Jakarta (KABARIN) - Muhammad Kerry Adrianto Riza yang merupakan anak dari pengusaha minyak Riza Chalid resmi mengajukan banding setelah dijatuhi hukuman 15 tahun penjara. Vonis tersebut berkaitan dengan kasus dugaan korupsi dalam pengelolaan minyak mentah dan produk kilang pada periode 2018 hingga 2023.
Langkah banding tidak hanya diajukan oleh Kerry.
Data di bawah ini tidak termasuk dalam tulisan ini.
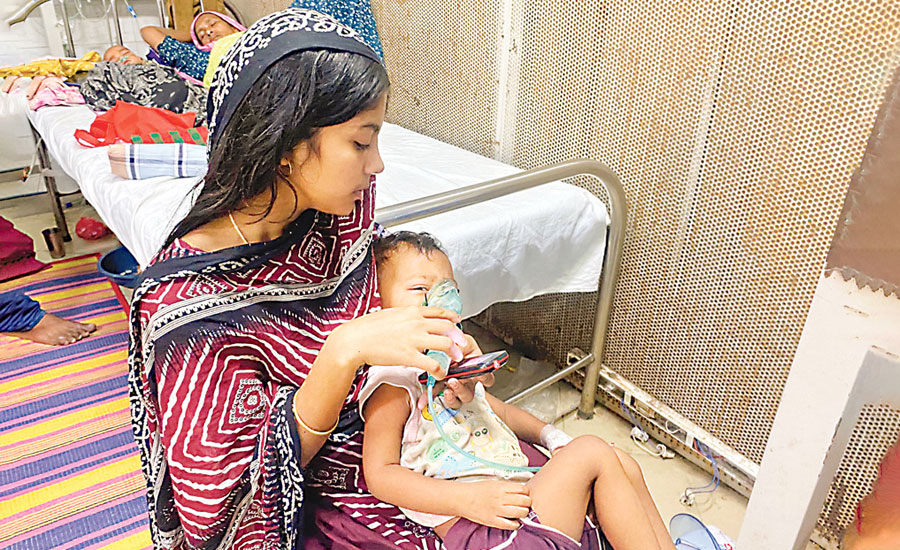 ডেঙ্গুতে মৃত্যুর হার উদ্বেগজনক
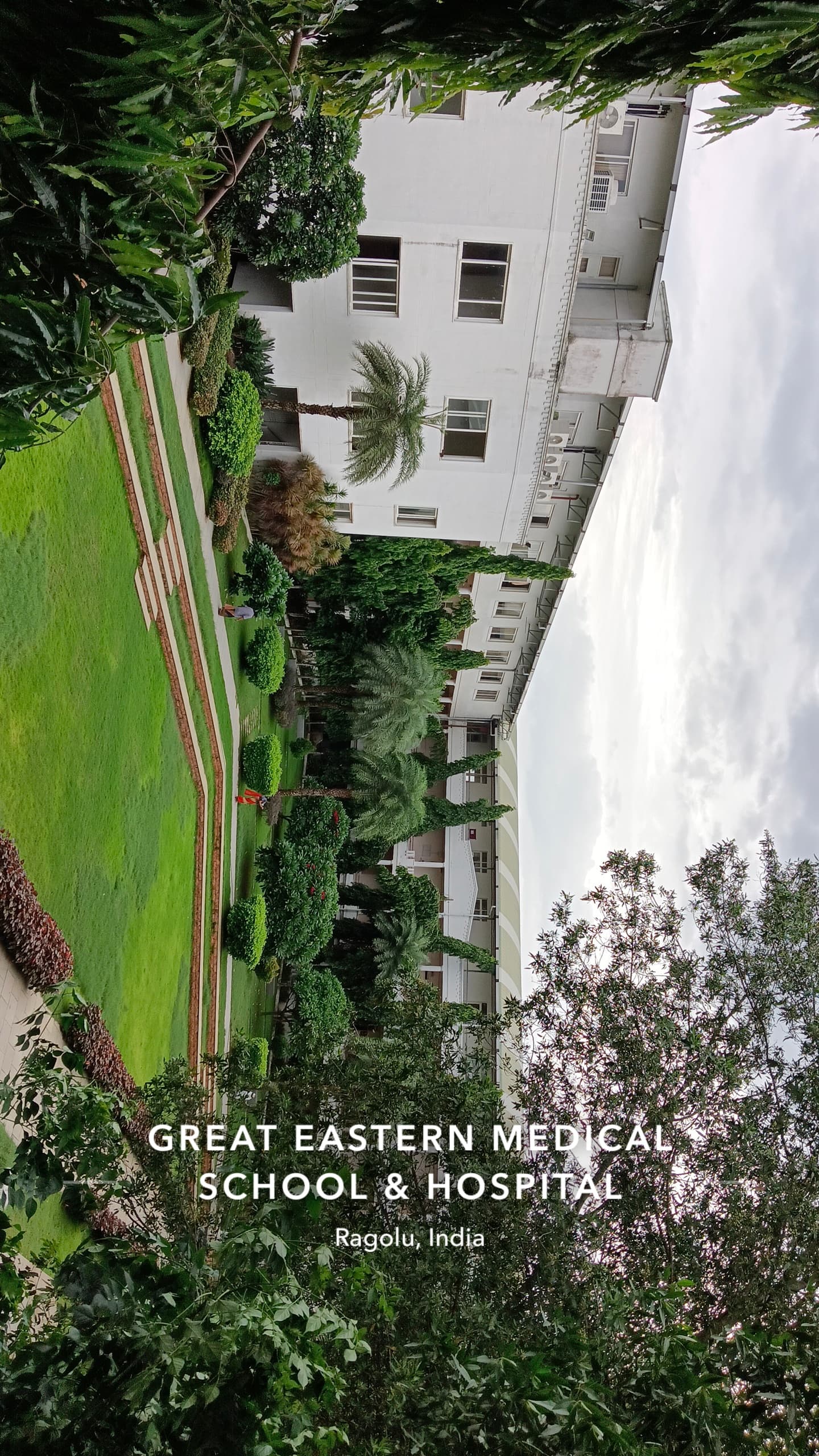 Great Eastern Medical School and Hospital Srikakulam Campus photo (2) by Vimal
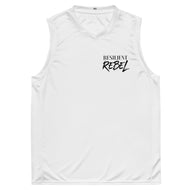 Recycled unisex basketball jersey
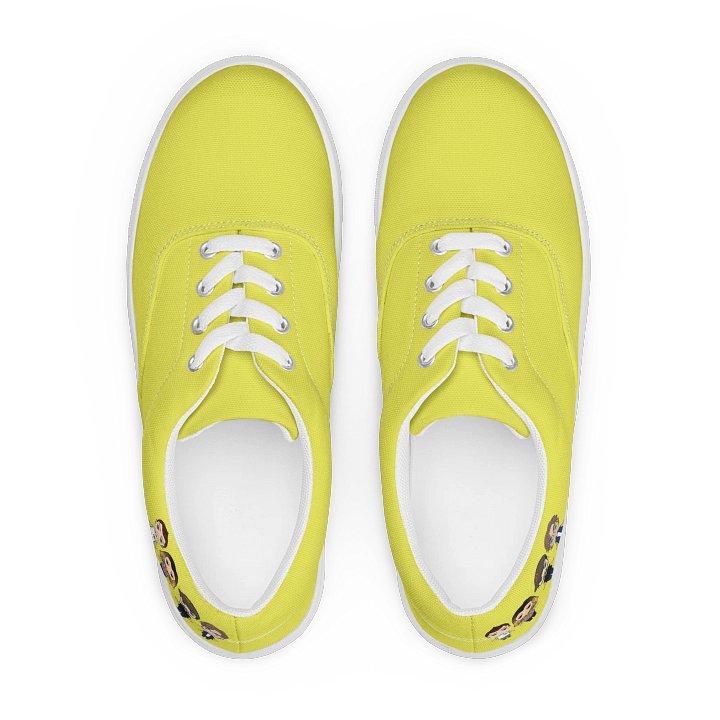 Men's Canvas Shoes - Yellow product image (1)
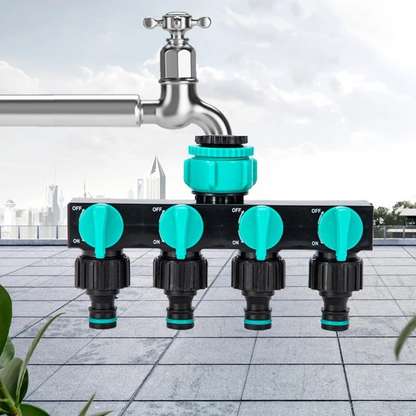 Zenko™ - Distribuitor 4 Cai Pentru Furtun De Gradina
Delapan terdakwa lain yang terseret dalam perkara yang sama juga memilih menempuh upaya hukum serupa.
"Semua terdakwa Pertamina banding," ujar Juru Bicara Pengadilan Negeri Jakarta Pusat Andi Saputra saat dikonfirmasi di Jakarta.
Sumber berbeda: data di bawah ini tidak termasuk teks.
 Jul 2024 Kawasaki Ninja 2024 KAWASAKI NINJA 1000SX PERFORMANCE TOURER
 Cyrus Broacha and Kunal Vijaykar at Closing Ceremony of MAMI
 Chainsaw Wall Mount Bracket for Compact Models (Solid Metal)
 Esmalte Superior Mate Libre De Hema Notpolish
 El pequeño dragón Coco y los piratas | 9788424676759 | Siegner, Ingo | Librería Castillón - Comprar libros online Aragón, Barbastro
Para terdakwa lain yang mengajukan banding antara lain mantan Direktur Utama PT Pertamina Patra Niaga Riva Siahaan, Direktur Pemasaran Pusat dan Niaga Maya Kusuma, serta Vice President Trading Produk Edward Corne.
Selain itu ada mantan Direktur Utama PT Pertamina International Shipping Yoki Firnandi, Vice President Feedstock Management PT Kilang Pertamina Internasional Agus Purwono, dan Direktur Feedstock and Product Optimalization PT KPI Sani Dinar Saifudin.
Dua nama lain yang turut mengajukan banding adalah Komisaris PT Pelayaran Mahameru Kencana Abadi Gading Ramadhan Juedo serta Komisaris PT Jenggala Maritim Nusantara Dimas Werhaspati.
Menurut Andi, sebagian terdakwa mengajukan banding pada 4 Maret, sementara sisanya termasuk Kerry mengajukan pada 5 Maret. Jaksa penuntut umum dari Kejaksaan Agung juga diketahui ikut mengajukan banding pada hari yang sama.
Dalam putusan sebelumnya, majelis hakim menjatuhkan hukuman berbeda kepada para terdakwa. Riva, Maya, Yoki, dan Sani Dinar masing masing dihukum sembilan tahun penjara. Edward dan Agus dijatuhi hukuman sepuluh tahun penjara.
Sementara itu Kerry mendapat hukuman paling berat dengan pidana 15 tahun penjara. Gading dan Dimas masing masing dijatuhi hukuman 14 tahun penjara.
Selain hukuman badan, sembilan terdakwa juga diwajibkan membayar denda sebesar satu miliar rupiah dengan subsider 190 hari kurungan.
Khusus Kerry, pengadilan juga menjatuhkan hukuman tambahan berupa kewajiban membayar uang pengganti senilai 2,9 triliun rupiah. Jika tidak dibayarkan maka akan diganti dengan hukuman lima tahun penjara.
Majelis hakim menyatakan para terdakwa terbukti bersalah dalam perkara korupsi yang berkaitan dengan tata kelola minyak mentah dan produk kilang, sesuai dengan ketentuan dalam undang undang pemberantasan tindak pidana korupsi.